If you are unsure whether your land has the benefit of a covenant, the cheapest and quickest option is to contact an experienced title searcher such as Dinah Newell from Feigl & Newell on (03) 9629-3011 or info@feiglnewell.com.au This is a specialised task and it is risky to leave it to someone who hasn’t done it before.

Once you have established a benefit, the question might then be what to write in your objection. Two decisions of the Victorian Supreme Court provide some guidance. The first is Prowse v Johnston in which Justice Cavanough listed the concerns of residents that he accepted were reasons a single dwelling covenant was not obsolete:

108 The objections of the defendants are set out in the various affidavits sworn by them. They are summarised in their written outline of submissions as follows:

(a) Loss of character of the residential estate being an estate with large single dwelling family homes and substantial gardens;

(b) Loss of privacy and overlooking into neighbouring private outdoor living areas and gardens;

(c) Bulk and dominance of proposed building particularly when viewed from adjoining residences and property;

(d) Loss of large, spacious Edwardian family home on the burdened land and surrounding mature trees and established garden;

(e) Loss of family neighbourhood with front and rear garden;

(f) Loss of spaciousness, beauty and privacy;

(g) Construction of a three-storey building with basement car parking over virtually the entire site in conflict with the prevalent single dwelling residential character of the area;

(h) Additional noise, traffic, parking and access issues associated with 18 units and 33 [actually 36] basement car spaces;

(i) This is the “thin end of the wedge” and the precedent effect of the removal of a covenant for the construction of a large unit development would be very significant;

(j) The character of the Coonil Estate has been maintained for over 90 years and should be preserved;

(k) Much of the Coonil Estate is a recognised heritage overlay area which should be preserved;

(l) The proposed development will be an isolated “eye sore” in stark contrast to the many period and heritage homes surrounding the burdened land; and

(m) The plaintiff’s land was purchased as part of the Coonil Estate, and has benefited from the reciprocal covenants given by others.

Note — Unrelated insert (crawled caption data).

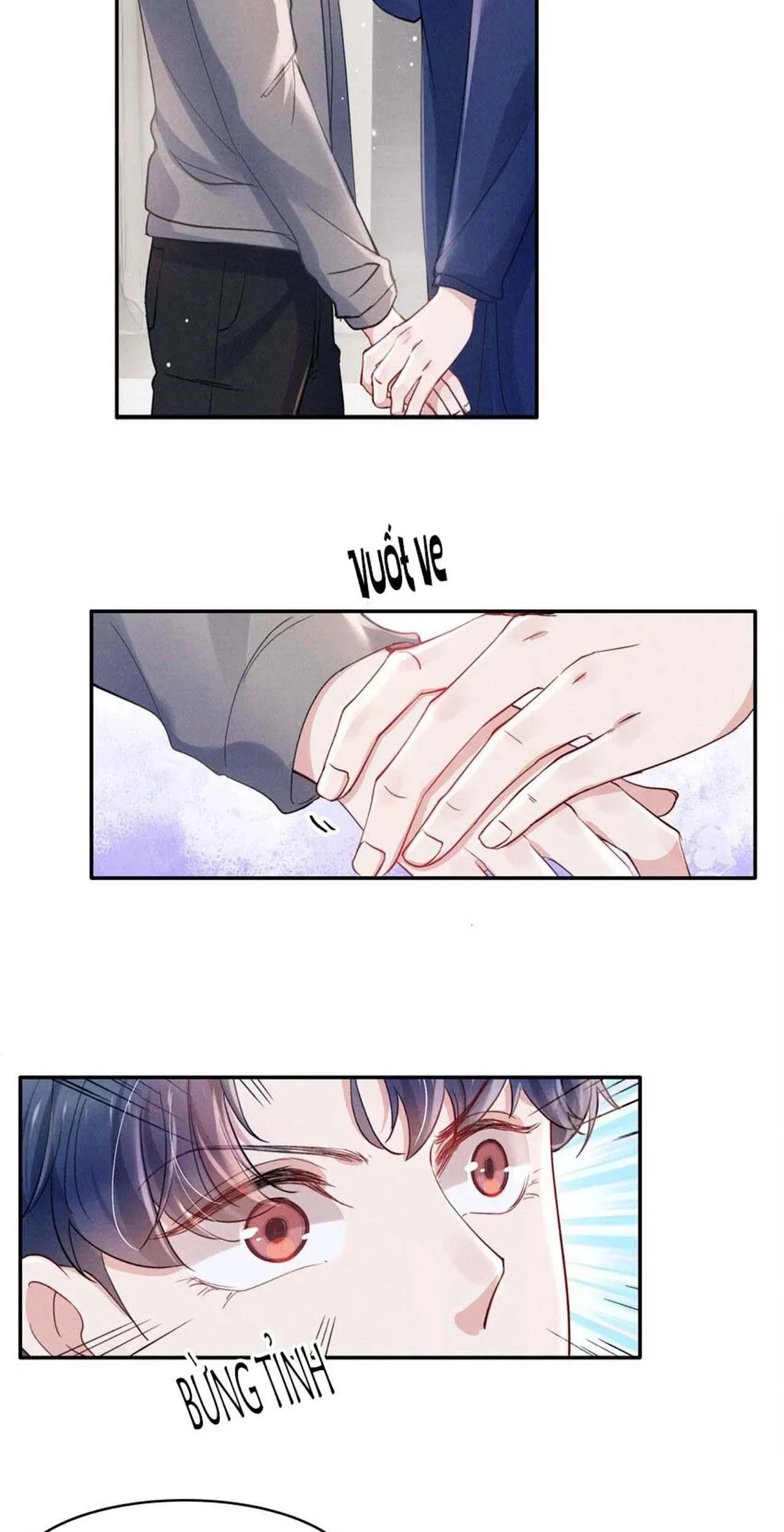 Phục Tùng Tôi Chapter 48 - Trang 24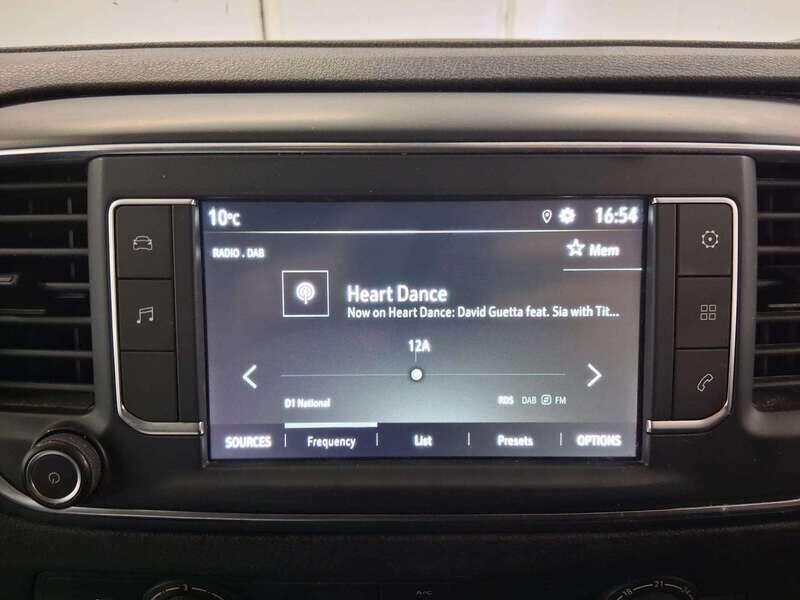 Used Vauxhall Vivaro 2019 for sale - 76484473: Photo 15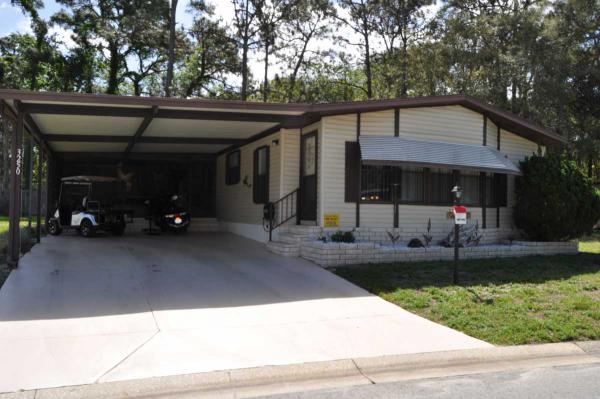 Windward Village Community3250 Windjammer DriveSpring Hill, FL 34607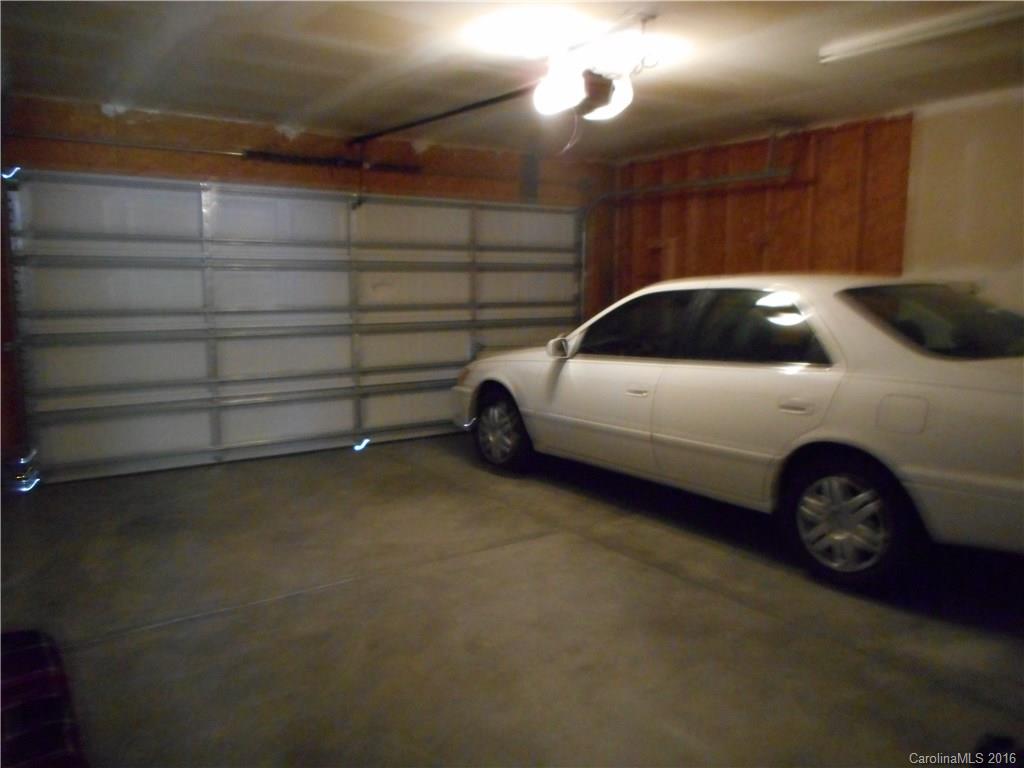 2987 Arthur Road, Unit 173 Indian Land, SC 29707 - Photo 8 of 18 a view of a car garage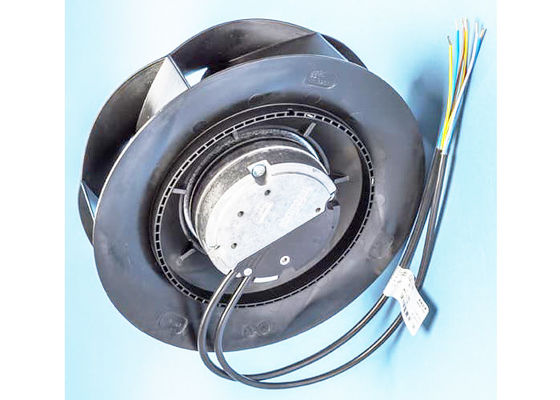3AXD50000000592 Ventilator 800mm IP20 IP42 für Antrieb Ersatzteile neu und garantiert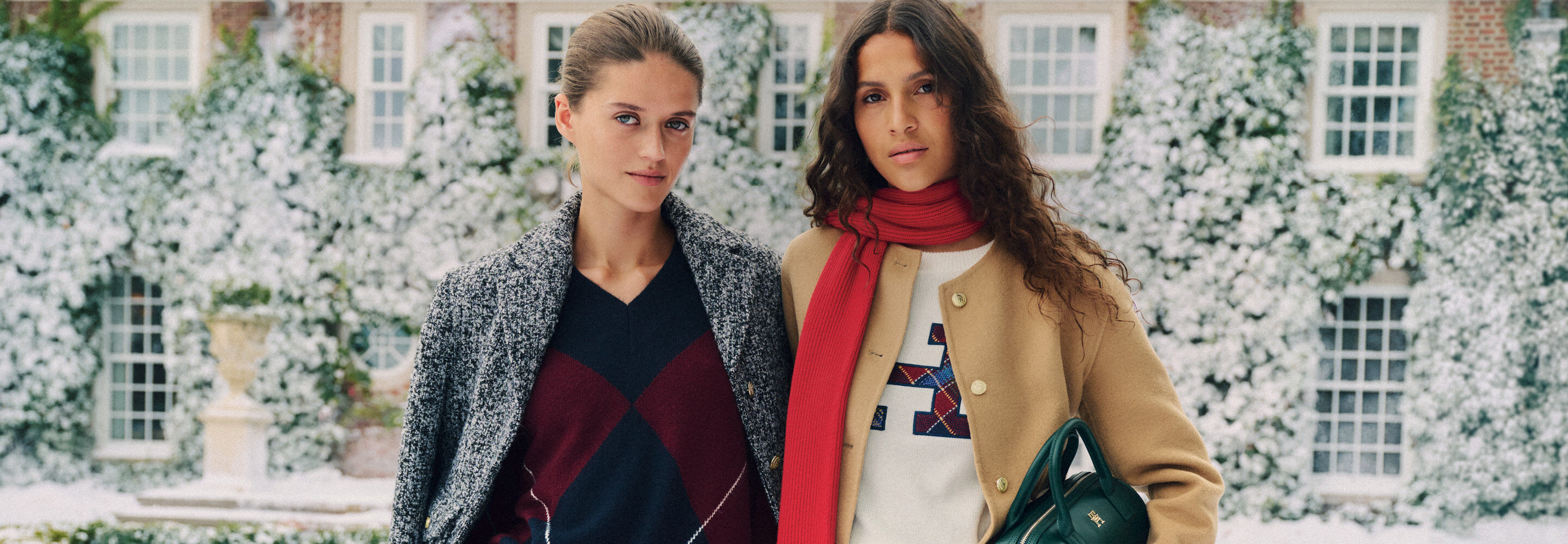 Tommy Hilfiger Women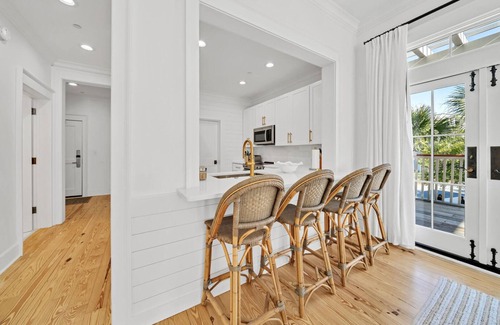 Beach District Condo | Closest Condo to the Watercolor Beach Club and the Beach Access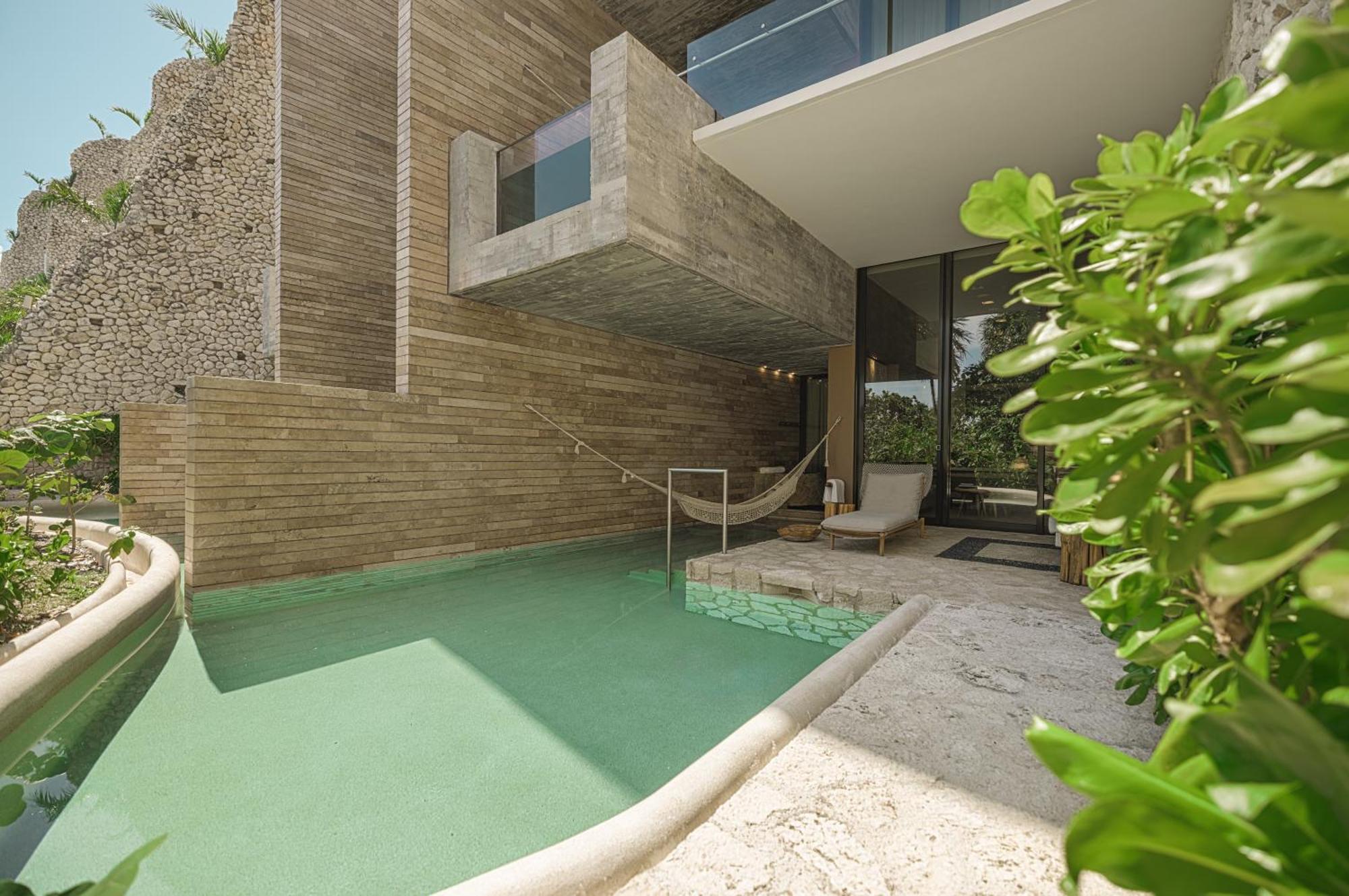 Hotel La Casa De La Playa By Xcaret (Adults Only) à Playa del Carmen Extérieur photo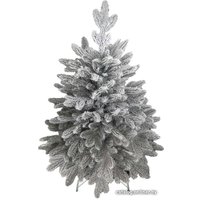 Ель Maxy Poland Диора заснеженная литая 0.9 м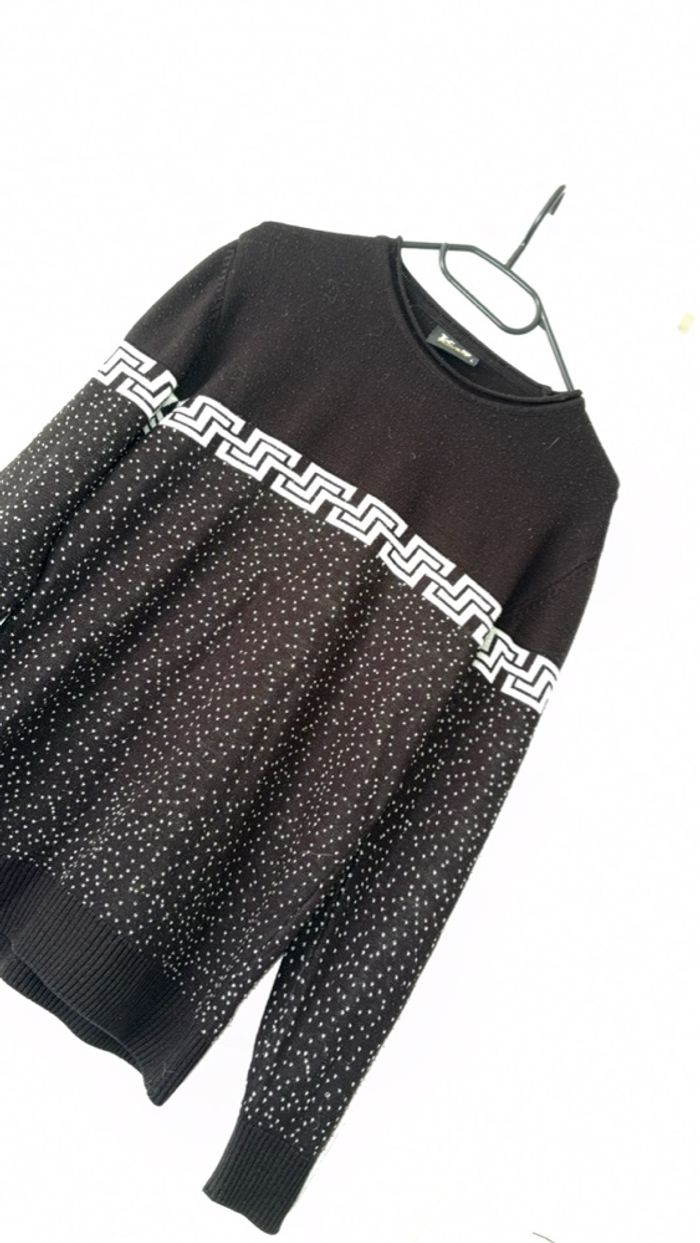 Pull homme - photo numéro 2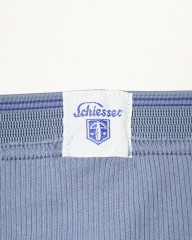 Schiesserダブルリブ ボクサーブリーフ【FRIEDRICH Seasonal】mb_11l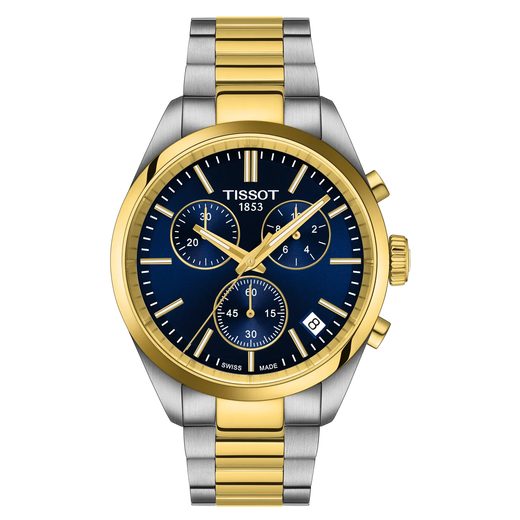 TISSOT PR 100 CHRONOGRAPH T150.417.22.041.00 - PR 100 - MĂRCI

109 I accept that these are all admissible objections, though some are stronger than others. They are relevant to show that the covenant is not obsolete. They are also relevant for other purposes, to which I will come. The covenant is not obsolete. The purposes of the covenant are still being achieved throughout the Estate and on the burdened land, with a contribution in that respect from the covenant on the burdened land.

In the more recent decision of Oostemeyer v Powell Justice Riordan set out in paragraphs [36] to [45] the evidence he relied upon to reject an application to modify a covenant made pursuant to s84(1)(c) of the Property Law Act 1958 the so-called “substantial injury” test.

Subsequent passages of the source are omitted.